◆ PROBLEM DETAILS
The entries below contain a stretch that opens with the line containing "206 S Treasure Dr photo 4" and closes with the line containing "Xiao Long Tang"; set down that stretch exactly, both ends included, and nothing else.

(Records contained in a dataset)
# # # # # # #
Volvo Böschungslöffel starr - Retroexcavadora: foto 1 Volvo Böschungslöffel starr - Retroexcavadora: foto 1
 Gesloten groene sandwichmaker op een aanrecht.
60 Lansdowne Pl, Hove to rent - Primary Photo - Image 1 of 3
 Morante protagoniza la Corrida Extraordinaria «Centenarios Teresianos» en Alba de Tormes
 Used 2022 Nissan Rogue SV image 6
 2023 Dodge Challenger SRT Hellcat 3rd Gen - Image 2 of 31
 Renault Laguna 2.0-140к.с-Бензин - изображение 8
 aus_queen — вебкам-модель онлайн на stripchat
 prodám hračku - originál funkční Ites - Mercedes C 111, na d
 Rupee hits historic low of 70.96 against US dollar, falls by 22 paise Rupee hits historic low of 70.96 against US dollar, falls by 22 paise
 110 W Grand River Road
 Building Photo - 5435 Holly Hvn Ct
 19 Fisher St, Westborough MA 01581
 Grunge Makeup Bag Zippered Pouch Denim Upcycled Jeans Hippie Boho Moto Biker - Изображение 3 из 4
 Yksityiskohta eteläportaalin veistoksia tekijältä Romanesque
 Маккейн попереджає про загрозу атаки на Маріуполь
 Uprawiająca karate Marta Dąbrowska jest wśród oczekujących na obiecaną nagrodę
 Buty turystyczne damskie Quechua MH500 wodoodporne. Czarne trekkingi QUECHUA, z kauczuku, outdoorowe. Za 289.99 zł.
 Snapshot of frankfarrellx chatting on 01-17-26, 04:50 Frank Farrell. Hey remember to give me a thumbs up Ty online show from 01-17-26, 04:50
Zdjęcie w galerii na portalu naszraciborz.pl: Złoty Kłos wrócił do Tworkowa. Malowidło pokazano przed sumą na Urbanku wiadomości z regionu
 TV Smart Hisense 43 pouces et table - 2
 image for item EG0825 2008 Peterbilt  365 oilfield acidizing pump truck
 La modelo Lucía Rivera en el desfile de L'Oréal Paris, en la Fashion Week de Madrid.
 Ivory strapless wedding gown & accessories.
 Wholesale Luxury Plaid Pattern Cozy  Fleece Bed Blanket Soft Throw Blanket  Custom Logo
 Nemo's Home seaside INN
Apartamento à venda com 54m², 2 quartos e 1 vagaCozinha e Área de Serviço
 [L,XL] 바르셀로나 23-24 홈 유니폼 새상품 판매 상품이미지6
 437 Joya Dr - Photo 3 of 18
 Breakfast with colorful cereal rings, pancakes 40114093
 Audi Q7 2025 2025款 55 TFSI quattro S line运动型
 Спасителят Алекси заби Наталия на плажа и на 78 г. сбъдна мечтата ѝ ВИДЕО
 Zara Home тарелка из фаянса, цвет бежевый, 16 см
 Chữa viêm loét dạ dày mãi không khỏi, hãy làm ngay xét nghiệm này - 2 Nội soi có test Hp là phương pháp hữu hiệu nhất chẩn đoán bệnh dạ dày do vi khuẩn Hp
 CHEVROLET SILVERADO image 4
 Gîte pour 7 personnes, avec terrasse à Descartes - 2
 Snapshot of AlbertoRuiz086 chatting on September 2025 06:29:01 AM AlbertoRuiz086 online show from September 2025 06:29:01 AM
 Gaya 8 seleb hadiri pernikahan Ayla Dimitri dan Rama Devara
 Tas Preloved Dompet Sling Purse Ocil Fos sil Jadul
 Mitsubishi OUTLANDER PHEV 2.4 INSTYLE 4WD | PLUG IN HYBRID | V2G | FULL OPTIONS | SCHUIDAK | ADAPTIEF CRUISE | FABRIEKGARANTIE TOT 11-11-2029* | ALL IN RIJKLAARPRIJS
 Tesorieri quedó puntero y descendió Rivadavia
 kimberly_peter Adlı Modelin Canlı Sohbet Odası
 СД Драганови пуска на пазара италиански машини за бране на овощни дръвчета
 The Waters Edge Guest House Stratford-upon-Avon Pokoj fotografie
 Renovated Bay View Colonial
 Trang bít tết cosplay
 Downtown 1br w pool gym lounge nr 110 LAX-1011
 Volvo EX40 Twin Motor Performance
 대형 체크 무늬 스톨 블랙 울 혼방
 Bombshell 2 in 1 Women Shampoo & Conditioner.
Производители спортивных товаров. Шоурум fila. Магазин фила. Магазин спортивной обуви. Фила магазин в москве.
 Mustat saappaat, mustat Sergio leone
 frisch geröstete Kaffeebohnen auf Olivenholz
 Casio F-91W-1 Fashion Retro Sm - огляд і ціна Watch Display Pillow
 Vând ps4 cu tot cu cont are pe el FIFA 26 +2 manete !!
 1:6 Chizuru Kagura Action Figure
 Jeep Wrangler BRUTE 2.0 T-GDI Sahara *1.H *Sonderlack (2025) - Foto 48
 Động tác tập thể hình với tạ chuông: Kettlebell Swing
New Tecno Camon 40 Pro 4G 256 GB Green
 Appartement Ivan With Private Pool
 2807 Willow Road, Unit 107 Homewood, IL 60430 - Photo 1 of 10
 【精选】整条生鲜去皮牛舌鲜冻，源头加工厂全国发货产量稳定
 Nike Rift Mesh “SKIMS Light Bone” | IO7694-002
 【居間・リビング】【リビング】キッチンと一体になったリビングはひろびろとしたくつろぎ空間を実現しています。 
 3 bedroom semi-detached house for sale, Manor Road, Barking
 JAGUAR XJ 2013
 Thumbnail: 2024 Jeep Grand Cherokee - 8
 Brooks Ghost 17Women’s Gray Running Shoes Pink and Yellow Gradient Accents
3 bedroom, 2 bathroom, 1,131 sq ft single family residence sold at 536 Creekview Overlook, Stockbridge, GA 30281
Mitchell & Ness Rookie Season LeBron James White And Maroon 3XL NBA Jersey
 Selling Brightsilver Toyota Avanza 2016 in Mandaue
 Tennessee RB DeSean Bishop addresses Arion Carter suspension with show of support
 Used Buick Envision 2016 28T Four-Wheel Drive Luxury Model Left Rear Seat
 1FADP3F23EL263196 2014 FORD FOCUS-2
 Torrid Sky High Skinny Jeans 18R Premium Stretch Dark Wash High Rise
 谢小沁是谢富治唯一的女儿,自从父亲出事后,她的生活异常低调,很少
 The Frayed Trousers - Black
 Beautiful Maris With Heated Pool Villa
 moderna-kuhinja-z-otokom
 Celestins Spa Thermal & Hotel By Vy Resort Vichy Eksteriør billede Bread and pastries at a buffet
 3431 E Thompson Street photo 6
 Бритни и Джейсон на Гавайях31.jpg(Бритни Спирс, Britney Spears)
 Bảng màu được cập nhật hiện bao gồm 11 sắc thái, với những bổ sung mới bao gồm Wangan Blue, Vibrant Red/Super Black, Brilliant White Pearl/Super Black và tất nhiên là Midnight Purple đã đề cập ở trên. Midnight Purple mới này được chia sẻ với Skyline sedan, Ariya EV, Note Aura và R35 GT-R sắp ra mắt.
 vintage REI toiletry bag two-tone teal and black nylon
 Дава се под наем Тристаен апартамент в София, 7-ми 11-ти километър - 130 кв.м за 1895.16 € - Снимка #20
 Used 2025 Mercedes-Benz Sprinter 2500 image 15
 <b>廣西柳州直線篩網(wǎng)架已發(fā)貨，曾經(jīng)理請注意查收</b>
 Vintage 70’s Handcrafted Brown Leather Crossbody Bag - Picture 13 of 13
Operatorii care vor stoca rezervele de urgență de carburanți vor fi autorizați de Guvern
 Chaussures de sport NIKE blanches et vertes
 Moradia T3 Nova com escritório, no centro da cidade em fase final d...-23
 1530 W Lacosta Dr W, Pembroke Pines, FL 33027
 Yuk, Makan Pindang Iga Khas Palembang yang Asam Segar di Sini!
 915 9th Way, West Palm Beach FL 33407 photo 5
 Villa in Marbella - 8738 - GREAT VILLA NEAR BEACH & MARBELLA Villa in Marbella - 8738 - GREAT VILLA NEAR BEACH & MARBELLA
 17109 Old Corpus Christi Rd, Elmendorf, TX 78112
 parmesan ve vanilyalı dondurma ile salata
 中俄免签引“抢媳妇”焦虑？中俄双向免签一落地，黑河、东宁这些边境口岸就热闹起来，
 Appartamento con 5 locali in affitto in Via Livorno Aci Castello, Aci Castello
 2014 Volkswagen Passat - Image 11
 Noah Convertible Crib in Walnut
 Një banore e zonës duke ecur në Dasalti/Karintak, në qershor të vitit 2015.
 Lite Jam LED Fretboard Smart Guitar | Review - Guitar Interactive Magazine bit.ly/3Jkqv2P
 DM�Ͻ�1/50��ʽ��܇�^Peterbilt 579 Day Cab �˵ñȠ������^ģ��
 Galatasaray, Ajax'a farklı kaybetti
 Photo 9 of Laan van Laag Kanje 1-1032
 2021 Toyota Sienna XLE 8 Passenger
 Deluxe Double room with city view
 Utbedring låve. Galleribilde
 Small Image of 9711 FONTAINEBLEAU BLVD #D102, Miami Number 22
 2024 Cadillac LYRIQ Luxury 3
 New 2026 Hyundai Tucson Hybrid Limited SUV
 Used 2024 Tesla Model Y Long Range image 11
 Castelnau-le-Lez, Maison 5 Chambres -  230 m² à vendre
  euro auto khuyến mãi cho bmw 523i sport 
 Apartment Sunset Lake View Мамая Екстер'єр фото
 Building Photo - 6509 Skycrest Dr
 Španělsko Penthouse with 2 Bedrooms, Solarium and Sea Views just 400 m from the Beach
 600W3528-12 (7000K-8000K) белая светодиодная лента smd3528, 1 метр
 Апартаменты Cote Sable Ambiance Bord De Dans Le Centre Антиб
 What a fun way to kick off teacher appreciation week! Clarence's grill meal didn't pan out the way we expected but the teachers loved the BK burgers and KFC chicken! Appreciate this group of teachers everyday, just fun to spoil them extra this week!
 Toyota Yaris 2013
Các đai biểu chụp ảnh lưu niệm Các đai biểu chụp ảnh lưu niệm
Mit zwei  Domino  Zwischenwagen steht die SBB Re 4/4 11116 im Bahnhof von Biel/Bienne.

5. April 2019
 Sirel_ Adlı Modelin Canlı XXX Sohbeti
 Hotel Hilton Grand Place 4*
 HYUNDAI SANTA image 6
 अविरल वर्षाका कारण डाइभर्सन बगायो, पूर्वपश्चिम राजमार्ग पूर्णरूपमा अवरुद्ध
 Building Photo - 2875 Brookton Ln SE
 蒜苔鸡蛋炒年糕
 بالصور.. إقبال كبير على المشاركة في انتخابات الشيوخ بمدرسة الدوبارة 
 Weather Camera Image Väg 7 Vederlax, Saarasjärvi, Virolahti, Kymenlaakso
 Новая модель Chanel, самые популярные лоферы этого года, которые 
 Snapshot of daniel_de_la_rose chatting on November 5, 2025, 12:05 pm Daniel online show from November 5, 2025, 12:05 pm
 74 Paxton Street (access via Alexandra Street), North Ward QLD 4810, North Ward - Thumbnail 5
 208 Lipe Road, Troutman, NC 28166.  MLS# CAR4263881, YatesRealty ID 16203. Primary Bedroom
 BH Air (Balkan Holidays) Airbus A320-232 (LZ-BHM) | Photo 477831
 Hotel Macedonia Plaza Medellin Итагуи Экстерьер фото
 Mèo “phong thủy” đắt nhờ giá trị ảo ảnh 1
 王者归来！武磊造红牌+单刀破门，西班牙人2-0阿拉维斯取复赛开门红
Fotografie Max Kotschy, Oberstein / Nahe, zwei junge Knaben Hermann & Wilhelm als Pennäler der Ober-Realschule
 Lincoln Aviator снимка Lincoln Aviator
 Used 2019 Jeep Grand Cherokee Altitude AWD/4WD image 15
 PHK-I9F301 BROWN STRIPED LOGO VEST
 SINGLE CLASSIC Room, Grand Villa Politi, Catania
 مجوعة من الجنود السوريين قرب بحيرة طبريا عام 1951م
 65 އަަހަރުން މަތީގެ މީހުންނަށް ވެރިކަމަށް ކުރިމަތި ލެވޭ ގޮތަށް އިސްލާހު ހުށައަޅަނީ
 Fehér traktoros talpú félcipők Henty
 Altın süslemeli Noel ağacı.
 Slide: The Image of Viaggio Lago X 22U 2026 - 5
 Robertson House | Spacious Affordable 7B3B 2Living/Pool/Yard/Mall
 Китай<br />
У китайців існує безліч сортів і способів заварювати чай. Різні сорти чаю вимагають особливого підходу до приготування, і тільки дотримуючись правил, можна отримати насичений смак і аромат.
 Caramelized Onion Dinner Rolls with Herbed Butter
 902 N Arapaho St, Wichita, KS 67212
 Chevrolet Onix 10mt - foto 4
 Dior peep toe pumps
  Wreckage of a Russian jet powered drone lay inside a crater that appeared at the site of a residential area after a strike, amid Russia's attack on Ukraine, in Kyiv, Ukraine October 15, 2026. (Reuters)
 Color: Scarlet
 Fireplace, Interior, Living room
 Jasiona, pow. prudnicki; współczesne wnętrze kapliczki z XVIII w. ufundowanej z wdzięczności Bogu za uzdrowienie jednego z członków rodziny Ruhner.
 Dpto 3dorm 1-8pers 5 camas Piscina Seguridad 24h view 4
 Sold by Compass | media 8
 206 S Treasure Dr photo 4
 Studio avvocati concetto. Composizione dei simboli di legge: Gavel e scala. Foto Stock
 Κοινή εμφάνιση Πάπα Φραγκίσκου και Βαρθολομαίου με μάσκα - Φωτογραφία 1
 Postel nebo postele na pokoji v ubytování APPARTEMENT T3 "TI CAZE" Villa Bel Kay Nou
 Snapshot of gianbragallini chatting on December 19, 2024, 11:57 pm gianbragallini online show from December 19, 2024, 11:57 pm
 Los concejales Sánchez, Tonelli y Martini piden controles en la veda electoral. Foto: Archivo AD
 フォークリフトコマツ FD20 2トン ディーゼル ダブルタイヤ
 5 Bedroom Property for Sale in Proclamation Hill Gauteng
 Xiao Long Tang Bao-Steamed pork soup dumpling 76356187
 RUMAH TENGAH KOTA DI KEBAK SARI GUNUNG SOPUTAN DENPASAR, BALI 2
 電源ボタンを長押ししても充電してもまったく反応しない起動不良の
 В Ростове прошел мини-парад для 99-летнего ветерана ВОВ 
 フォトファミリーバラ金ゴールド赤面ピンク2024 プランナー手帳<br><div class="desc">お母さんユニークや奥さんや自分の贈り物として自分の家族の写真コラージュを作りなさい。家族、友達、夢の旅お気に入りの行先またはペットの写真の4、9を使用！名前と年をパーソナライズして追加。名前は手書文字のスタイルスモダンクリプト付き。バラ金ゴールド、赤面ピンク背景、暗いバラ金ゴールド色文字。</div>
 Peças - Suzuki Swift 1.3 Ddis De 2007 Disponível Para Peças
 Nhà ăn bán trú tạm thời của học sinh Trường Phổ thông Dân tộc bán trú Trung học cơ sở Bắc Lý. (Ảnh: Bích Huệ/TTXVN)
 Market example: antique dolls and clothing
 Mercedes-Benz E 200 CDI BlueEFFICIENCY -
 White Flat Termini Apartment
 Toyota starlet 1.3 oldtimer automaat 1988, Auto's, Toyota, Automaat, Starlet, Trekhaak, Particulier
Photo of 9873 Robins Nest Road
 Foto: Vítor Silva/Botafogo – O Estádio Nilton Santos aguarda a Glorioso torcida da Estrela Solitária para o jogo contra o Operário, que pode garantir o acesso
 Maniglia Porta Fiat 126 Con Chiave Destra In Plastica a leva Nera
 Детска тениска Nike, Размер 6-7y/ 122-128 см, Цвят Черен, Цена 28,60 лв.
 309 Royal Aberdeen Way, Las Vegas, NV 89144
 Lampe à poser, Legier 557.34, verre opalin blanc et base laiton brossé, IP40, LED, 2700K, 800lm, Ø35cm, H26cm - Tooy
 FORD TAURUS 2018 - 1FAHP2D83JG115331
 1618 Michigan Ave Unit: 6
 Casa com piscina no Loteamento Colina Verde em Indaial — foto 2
# # # # # # #
◆ RESPONSE BELOW
 206 S Treasure Dr photo 4
 Studio avvocati concetto. Composizione dei simboli di legge: Gavel e scala. Foto Stock
 Κοινή εμφάνιση Πάπα Φραγκίσκου και Βαρθολομαίου με μάσκα - Φωτογραφία 1
 Postel nebo postele na pokoji v ubytování APPARTEMENT T3 "TI CAZE" Villa Bel Kay Nou
 Snapshot of gianbragallini chatting on December 19, 2024, 11:57 pm gianbragallini online show from December 19, 2024, 11:57 pm
 Los concejales Sánchez, Tonelli y Martini piden controles en la veda electoral. Foto: Archivo AD
 フォークリフトコマツ FD20 2トン ディーゼル ダブルタイヤ
 5 Bedroom Property for Sale in Proclamation Hill Gauteng
 Xiao Long Tang Bao-Steamed pork soup dumpling 76356187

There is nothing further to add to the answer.